5.321 Кажется, что при означивании означается значение, однако, это действительно было бы так только в том случае, если бы означаемое, с одной стороны, не помещалось в мою лингвистическую картину мира [контекст означающих], а с другой, собственно означивание имело бы какой-то свой собственный «практический смысл», кроме необходимости введения «представительства» значения в контекст других означающих [мою лингвистическую картину мира] с целью достичь все той же определенности (допускать же, что нечто происходит «просто так», без какого-то, пусть и весьма, как это может показаться, странного или нелепого «практического смысла», абсолютно не верно). Нам же известно, что означаемое определяется не отношением с другими вещами [отношения фигуры и фона], но толкованием, т. е. его [означающего] местом в моей лингвистической картине мира, т. е. компиляцией других означающих.

5.3211 Однако, если означается не само значение [суждение], но лишь его функциональный аспект, то понятно, что само значение [суждение] остается фактически неозначенным.
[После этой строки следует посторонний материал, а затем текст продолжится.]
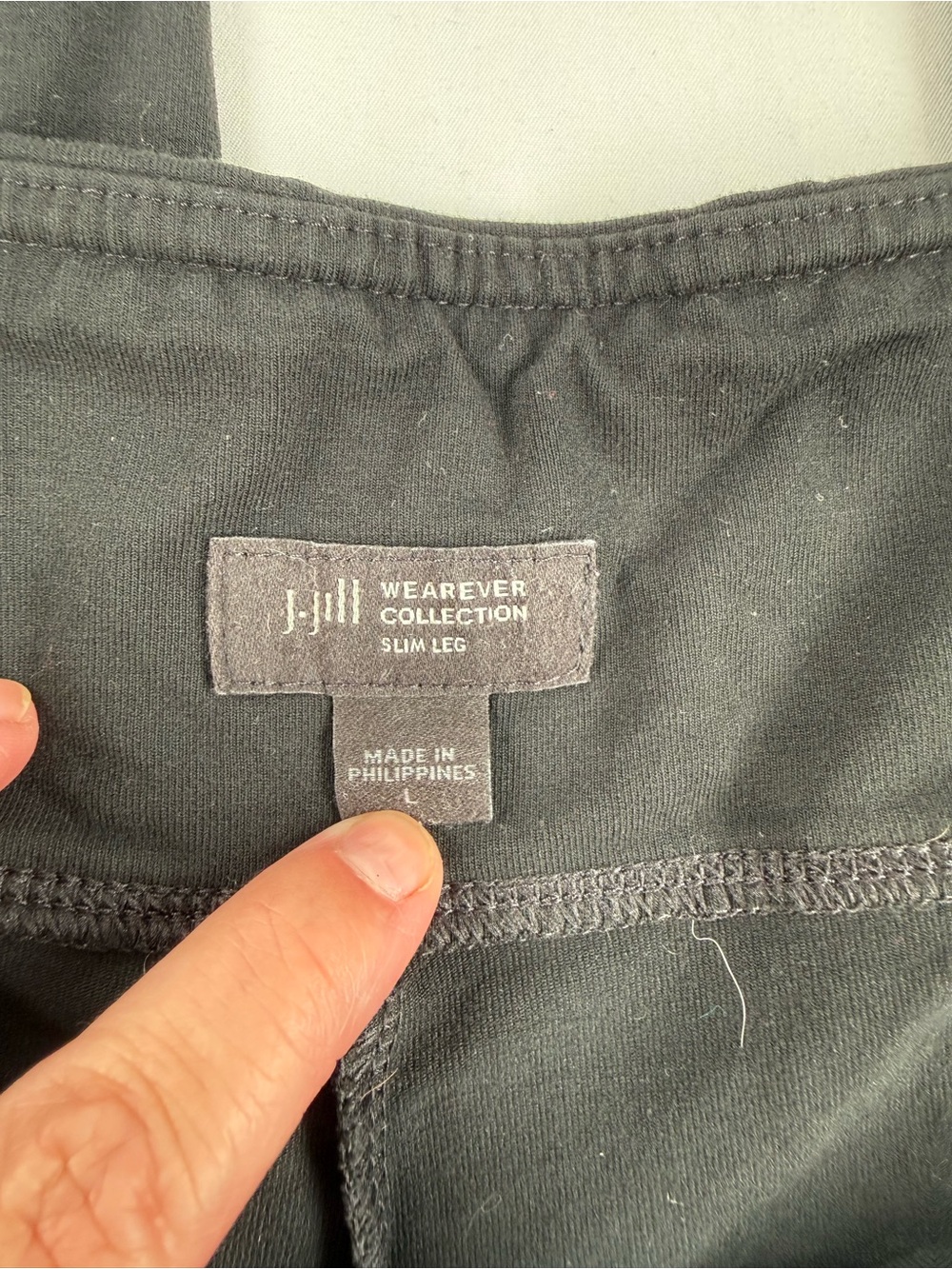 J. Jill Black Stretch Straight Leg Leggings - Picture 3 of 5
С другой стороны, функциональность значения определяется не самим значением, но местом слова (или другого знака, его заменяющего) [означающего], которое его – это значение [означаемое] – «представляет» в моей лингвистической картине мира, т. е. толкованием [компиляция означающих] этого слова (или другого знака, его заменяющего) [означающего].

5.3212 «Практический смысл» означивания, таким образом, вполне ясен: всякое значение [суждение] получает благодаря означиванию развернутое толкование [компиляция означающих].

Однако, необходимо понимать, что означается не само значение [суждение], но его функциональный аспект (причем, это не его [значения] функциональный аспект, а функциональный аспект его означающего [слова или другого знака, его заменяющего]), т. е. это не функциональный аспект континуума существования, но функциональный аспект, приписанный ему [значению, суждению] моей лингвистической картиной мира.

5.3213 Иначе: слово (или другой знак, его заменяющий) [означающее] как реестр свернутых функций – это реестр свернутых функций, предполагаемых моей лингвистической картиной мира [компиляцией означающих], но не континуумом существования.